Changes to benefits for people with disabilities could “be a real hardship”, one Lancashire claimant fears. The Disability Living Allowance (DLA) is being phased out from April for those of working age and replaced by a new benefit called Personal Independence Payments (PIP).
PIP will be introduced for new claims in Merseyside, North West England, Cumbria, Cheshire and North East England from next month, with the rest of the country following in June.
The Department of Work and Pensions (DWP) said the changes make an out-dated benefit clearer.
It is based on individual assessments, followed by regular check-ups, focusing on an individual’s ability to carry out a range of everyday activities.
‘Feel like a sponger’
A Department of Work and Pensions spokeswoman said: “Under the current system there are hundreds of millions of pounds of overpayments and underpayments and 70% of people get the benefit for life without systematic checks to see if their condition has changed.
“We are replacing DLA with Personal Independence Payment and introducing a new face-to-face assessment and regular reviews to make sure people are getting the right levels of support.”
The government hopes to save £2bn as a result of the switch from DLA to PIP.
Nigel Mortlock, from Heysham in north Lancashire, has spinal problems and struggles with mobility.

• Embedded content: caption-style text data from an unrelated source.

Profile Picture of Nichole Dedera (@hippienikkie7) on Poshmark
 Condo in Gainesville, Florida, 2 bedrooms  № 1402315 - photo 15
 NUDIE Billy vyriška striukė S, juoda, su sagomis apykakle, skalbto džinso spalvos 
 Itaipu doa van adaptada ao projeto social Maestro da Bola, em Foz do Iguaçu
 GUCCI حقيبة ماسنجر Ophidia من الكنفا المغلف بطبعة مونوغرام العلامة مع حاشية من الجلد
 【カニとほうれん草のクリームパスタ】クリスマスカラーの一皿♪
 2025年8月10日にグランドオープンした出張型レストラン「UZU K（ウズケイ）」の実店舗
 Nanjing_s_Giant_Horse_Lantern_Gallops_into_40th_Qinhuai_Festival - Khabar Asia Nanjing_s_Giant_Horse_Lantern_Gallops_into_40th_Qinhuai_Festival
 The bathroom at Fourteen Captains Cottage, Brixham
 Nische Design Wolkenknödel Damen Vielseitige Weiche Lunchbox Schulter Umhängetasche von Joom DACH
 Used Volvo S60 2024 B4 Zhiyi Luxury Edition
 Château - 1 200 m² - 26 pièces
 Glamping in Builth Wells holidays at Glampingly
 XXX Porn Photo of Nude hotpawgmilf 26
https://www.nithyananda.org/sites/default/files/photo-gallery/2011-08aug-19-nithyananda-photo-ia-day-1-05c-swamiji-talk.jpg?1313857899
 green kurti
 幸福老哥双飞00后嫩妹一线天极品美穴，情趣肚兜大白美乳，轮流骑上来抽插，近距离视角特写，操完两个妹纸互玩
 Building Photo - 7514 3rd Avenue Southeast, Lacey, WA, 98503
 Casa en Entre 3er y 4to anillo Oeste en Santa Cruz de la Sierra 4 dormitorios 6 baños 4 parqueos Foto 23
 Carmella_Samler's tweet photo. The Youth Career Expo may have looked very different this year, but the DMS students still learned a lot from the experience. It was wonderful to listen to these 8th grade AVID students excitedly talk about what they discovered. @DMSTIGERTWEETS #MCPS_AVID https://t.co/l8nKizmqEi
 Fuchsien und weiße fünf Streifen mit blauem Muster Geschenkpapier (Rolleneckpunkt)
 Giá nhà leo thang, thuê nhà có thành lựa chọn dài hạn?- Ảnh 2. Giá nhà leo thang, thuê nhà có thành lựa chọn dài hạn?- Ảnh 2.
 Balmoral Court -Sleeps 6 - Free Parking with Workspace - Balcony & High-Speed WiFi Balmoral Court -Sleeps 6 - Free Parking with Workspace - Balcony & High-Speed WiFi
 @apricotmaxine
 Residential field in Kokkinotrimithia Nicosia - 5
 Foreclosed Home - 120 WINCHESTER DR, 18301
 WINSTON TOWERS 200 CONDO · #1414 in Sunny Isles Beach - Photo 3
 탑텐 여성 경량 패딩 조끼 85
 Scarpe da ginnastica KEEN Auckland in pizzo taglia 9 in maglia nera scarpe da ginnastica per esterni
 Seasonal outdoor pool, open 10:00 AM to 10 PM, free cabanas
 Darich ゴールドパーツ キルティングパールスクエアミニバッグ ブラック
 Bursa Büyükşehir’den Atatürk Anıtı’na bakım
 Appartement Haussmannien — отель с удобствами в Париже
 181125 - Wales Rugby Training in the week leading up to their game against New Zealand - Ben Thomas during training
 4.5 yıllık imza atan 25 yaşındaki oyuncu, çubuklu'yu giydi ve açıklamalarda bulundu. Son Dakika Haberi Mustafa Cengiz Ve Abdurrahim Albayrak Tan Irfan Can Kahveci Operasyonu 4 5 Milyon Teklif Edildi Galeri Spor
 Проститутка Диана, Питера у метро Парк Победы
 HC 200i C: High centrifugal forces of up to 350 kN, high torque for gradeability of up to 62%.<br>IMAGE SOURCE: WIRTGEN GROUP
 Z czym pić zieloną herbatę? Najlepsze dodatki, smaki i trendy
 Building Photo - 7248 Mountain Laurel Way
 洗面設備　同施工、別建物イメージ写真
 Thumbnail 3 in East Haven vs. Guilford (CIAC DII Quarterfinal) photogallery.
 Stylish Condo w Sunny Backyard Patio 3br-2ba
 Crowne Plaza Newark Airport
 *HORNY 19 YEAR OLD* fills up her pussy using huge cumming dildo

He said he is worried the changes would mean a reduction in his payments.
“I have a mortgage, bills are getting higher, everything’s getting really tight,” he said.
DLA and PIP
- About 3.2 million people receive disability living allowance (DLA)
- The payment of between £20.55 and £131.50 a week assists them in leading independent lives
- The government hopes to save £2bn as a result of the switch from DLA to PIPs
- Carers can claim an allowance if the person they are looking after is eligible for certain benefits, which currently include DLA
- Carers aged above 65 or below 16 will not be affected by the switch from DLA to PIP
“A reduction really would hit hard.”
Mr Mortlock worked since leaving school and up to the age of 41, when he had an accident at work that damaged his spine.
“I carried on working for six months, but my spine is very bad and I’m bad on my legs, so I can’t work,” he said.
“You feel as though the government is putting you down for not working,
“The way the government puts it across, you’re made to feel like a sponger, a scrounger. All you hear about is people on benefits should be out working.
“For legitimate claimants, which the majority of people are, what else do we do?”
John Cornwall from Accrington is 56 and has never had a job. After leaving university he was diagnosed with anxiety and eventually, schizophrenia.
He said the new system of medical assessments was unfair.
“You can’t see a mental illness, and a mental illness is a progressive thing, different every day,” he said.
“How on earth can anybody make an assessment in say 30 minutes on one particular day?”
Assessments for existing claimants of DLA will begin later in the year.
The government expects around 40% will get the same or even more money, a third will get less, while around a quarter will get nothing at all.
The government has also said the new system will be fairer, and the people who need the money the most will still receive it.